## EXERCISE REQUIREMENTS
Across the records that follow, determine how many lines contain "Baby" and give only the resulting number.

(Beginning of INPUT DATA)

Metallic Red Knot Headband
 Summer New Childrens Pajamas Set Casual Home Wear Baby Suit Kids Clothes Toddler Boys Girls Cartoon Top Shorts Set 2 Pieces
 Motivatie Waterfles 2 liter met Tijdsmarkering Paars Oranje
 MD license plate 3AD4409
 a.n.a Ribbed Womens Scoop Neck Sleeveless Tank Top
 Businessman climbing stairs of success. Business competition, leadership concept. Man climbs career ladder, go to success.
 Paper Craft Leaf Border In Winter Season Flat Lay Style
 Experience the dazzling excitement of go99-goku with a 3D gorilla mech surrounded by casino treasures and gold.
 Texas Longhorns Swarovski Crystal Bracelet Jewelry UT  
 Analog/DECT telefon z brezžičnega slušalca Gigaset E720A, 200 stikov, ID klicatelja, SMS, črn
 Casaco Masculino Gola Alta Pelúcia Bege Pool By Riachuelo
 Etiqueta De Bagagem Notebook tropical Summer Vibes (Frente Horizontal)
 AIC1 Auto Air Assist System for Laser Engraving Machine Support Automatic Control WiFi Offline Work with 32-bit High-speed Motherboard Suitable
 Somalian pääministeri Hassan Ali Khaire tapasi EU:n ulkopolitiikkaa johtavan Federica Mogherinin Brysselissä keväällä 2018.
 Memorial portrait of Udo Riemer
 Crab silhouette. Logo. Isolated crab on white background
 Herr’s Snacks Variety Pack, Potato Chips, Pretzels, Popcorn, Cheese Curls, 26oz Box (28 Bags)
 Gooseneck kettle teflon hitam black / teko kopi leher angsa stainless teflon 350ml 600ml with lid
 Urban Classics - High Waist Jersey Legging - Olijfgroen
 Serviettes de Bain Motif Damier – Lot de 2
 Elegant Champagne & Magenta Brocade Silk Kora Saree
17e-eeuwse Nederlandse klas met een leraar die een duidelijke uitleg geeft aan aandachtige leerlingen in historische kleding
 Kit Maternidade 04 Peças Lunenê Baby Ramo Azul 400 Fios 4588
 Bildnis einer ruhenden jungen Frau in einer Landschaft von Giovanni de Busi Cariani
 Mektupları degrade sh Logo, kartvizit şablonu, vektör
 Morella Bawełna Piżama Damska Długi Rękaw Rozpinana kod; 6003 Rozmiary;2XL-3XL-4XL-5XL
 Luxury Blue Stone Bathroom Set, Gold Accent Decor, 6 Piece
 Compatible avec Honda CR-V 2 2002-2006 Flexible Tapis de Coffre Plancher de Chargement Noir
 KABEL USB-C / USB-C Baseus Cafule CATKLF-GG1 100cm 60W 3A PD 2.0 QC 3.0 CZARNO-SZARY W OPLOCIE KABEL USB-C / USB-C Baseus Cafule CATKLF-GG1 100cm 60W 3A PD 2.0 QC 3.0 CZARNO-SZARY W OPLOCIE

(End of INPUT DATA)

## EXPECTED OUTPUT
2